Devia ter uns 5 ou 6 anos quando vi meu pai fazendo pãozinho pela primeira vez. Ele trabalhava na madrugada, mas era danado, saia do trabalho e algumas vezes parava no boteco ao invés de vir direto para casa descansar. Quando minha mãe achava que não tinha dormido o bastante e podia cochilar no serviço, acabando por queimar o pão, mandava um de nós para vigiar.

Meu pai era mestre, fazia pão do zero. Lembro com riqueza de detalhes cada passo daquele processo. Trigo, água, sal e fermento na masseira. Depois, a pesagem de cada porção de massa porque, como à época eram vendidos por unidade, por lei, um pãozinho nunca podia pesar menos de 50 gramas. Pesadas, as porçõezinhas passavam por um cilindro e saíam do outro lado em rolinhos que ele ia enfileirando, um a um, sobre uma longa régua de pouca largura. Enfileirados, passava rapidamente a navalha em cada um deixando aquele corte característico. Então, com uma maestria absurda, os equilibrava para dentro do forno a lenha, puxando a régua num movimento tão rápido que os pãezinhos continuavam enfileirados lá dentro. Como por encanto, os caracoizinhos brancos cresciam, douravam e saíam do forno estalejando de tão crocantes, enquanto o cheiro que escapava pela chaminé da padaria acordava o bairro às 6 da manhã como um despertador generoso.


Como um mago desajeitado, meu pai fazia aquela alquimia toda e eu, pequenininha como era, achava que ele era um gigante que sabia segredos mágicos sobre farinha de trigo. Refletindo, acho que foi dali que peguei minha paixão por assar bolos.
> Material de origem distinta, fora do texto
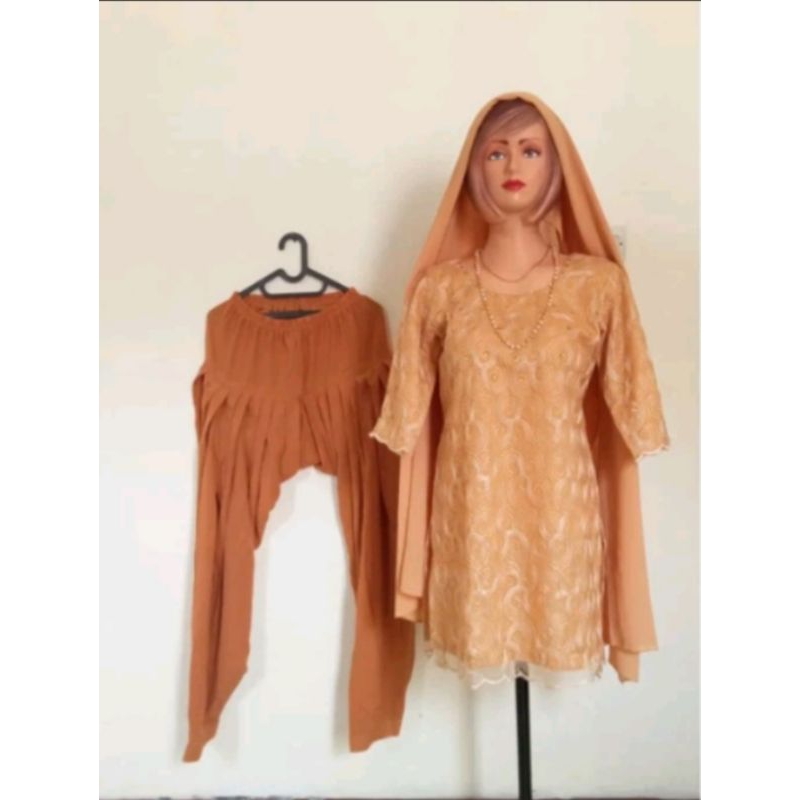 Setelan Celana Renda mix sifon PL model india wanita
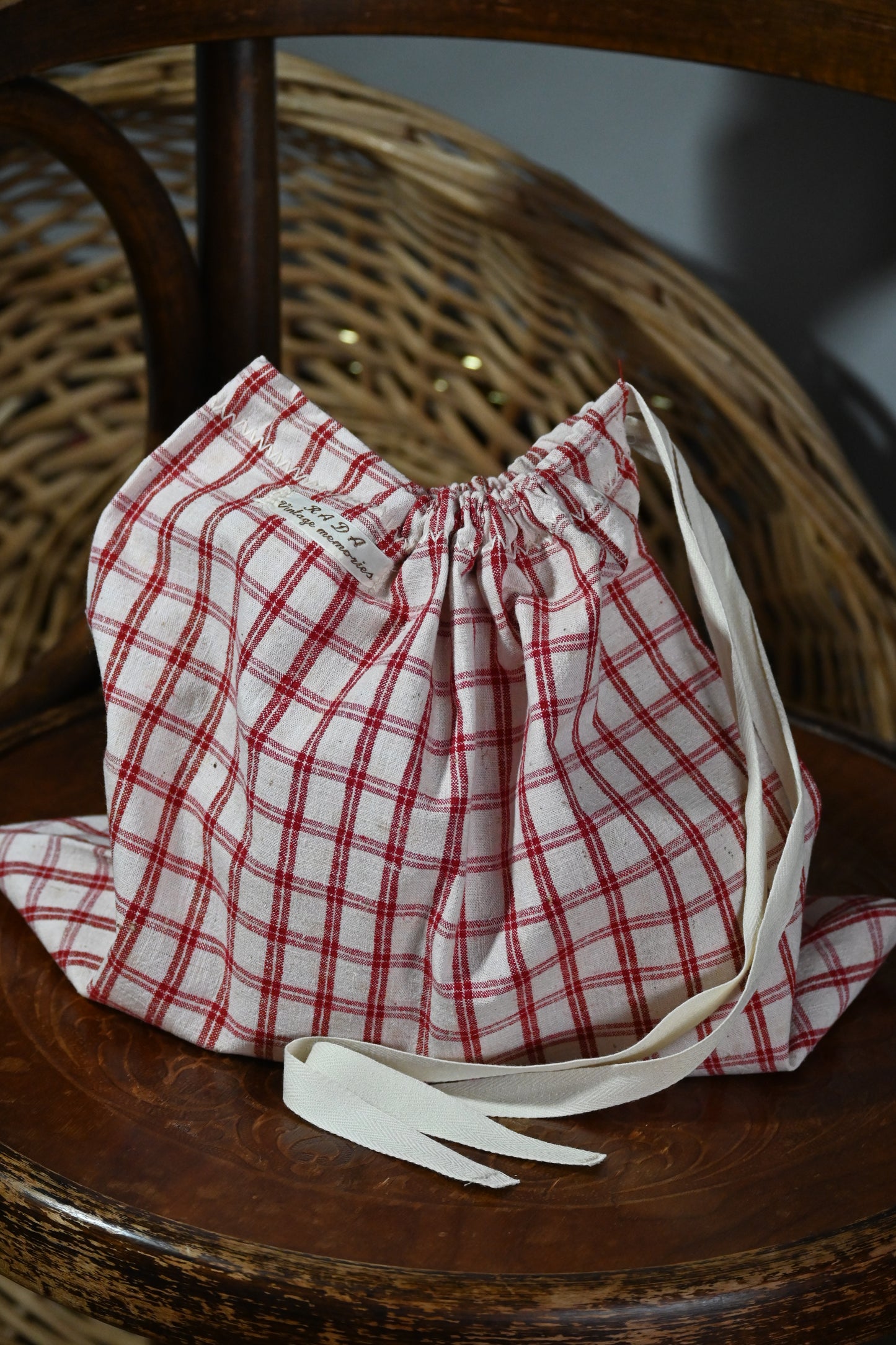 Antique, handwoven, cotton bread bag.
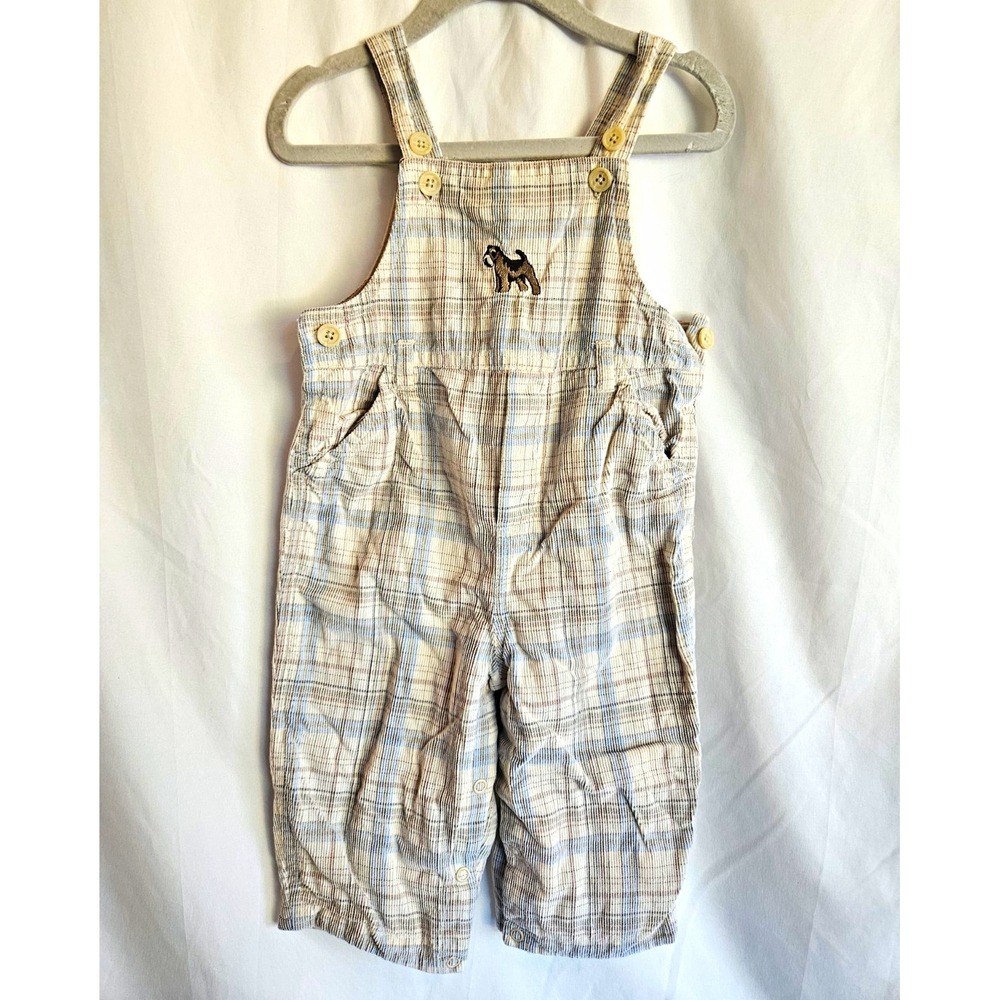 Baby Plaid Overalls 12M Schnauzer Dog Embroidered Lined Cotton Snap Leg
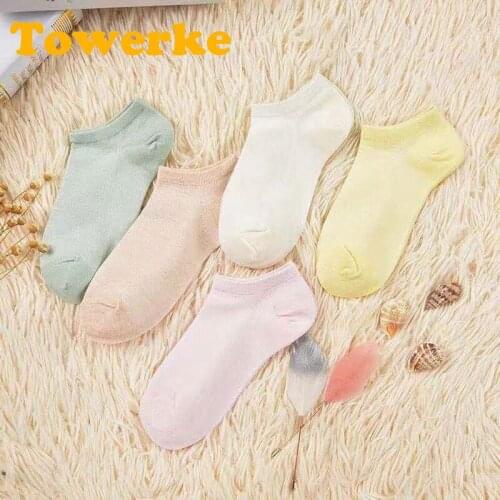 Size 35-40 Women Socks Solid Candy Color Short Socks Cotton High Quality 5 Pairs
Quatro décadas se passaram e me dou conta de que ele devia ter mais ou menos a idade que tenho agora e, portanto, era ainda um menino. Talvez por isso precisasse tanto da atenção constante da minha mãe, adulta desde criança.

Hoje, saudosa de meu pai coberto de farinha e de seus pãezinhos crocantes e quentinhos que pesavam precisamente 50 gramas, parei na padaria para comprar pão, mas, na era dos pães pré-fabricados, tive que levá-lo ao forno em casa na tentativa de aproximá-lo minimamente da obra de arte que era o pãozinho do Seu João Padeiro. Comi pensando: se o céu é realmente um lugar melhor do que aqui, com certeza as padarias são como aquelas da minha infância e o padeiro é, sem dúvidas, o meu pai.